The country has a history of putting unfit people in positions of power
One of the very best investigation into modern Italy is The Dark Heart of Italy by Tobias Jones which does a good job in showing why Italy is not as other countries are, and makes entertaining reading at the same time. Mr Jones also writes articles for the Guardian, and his latest is about the terrible state of Rome’s roads. He doesn’t just moan about potholes, as you or I might, who do not live in Rome, but tells us about the impressive amount of sinkholes that have opened up of late in the Italian capital, one of which swallowed six cars. Rome is the capital of Italy, and Italy is the paese degli disastri, the one country where disasters happen thanks to flood, earthquake and volcanic eruption more than elsewhere in Europe, and where government incompetence makes nature’s cruelty that much harder to bear.
The woes of Rome are interesting at present for a number of reasons. First of all, the mayor of Rome, the one person who should be giving a lead in dealing with the city’s troubles, is Virginia Raggi, who represents not one of the old corrupt and discredited political parties, but the new broom Five Star Movement. The trouble is that Ms Raggi’s personal history links her to the lords of misrule of yesteryear and if that were not enough, she has been widely perceived as not up to the job of running Rome. Nor has Ms Raggi quite hit it off with the Pope, though her relations with the Vatican are not as dismal as that of her predecessor.

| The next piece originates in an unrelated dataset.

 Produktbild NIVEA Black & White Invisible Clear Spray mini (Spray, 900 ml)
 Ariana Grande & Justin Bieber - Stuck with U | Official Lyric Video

This matters a great deal because the Five Star Movement, after the recent elections, now stands, perhaps, on the threshold of power, as the delicate negotiations following those elections try to put together a government. The Five Star Movement emerged as the largest party in the elections. As a glance at the map shows, it swept the south of Italy. But is it fit to rule? Its record in Rome and elsewhere does not command confidence.
Sadly, Italy has a history of putting unfit people into power, and we all know how that tends to end. Let us also not forget that the election campaign was marred by a huge row between the Church and the Five Star Movement. Whoever forms the next government, the disagreement about immigration is not going to go away.
Italy should be the crucible of Catholic social teaching in action, and indeed once was, when the Christian Democrat party held sway, but those days are long past and the dolce vita is a distant memory, obscured by what Italians call gli anni di piombo, the years of lead, the time of terrorism and recession in the 1970’s, the return of which is greatly feared.
As Tobias Jones’s article shows us, the difficulty in getting things done seems pretty insurmountable in contemporary Italy. But things have to be done, and the only way forward is through solidarity, that is caring about the needs of others, and co-operation between citizens. The real enemy is not the weather or geology, but the sort of selfishness that sees problems as purely personal rather than as challenges to the community. We need to remember our vision of the common good: not just in Rome and in Italy, but everywhere.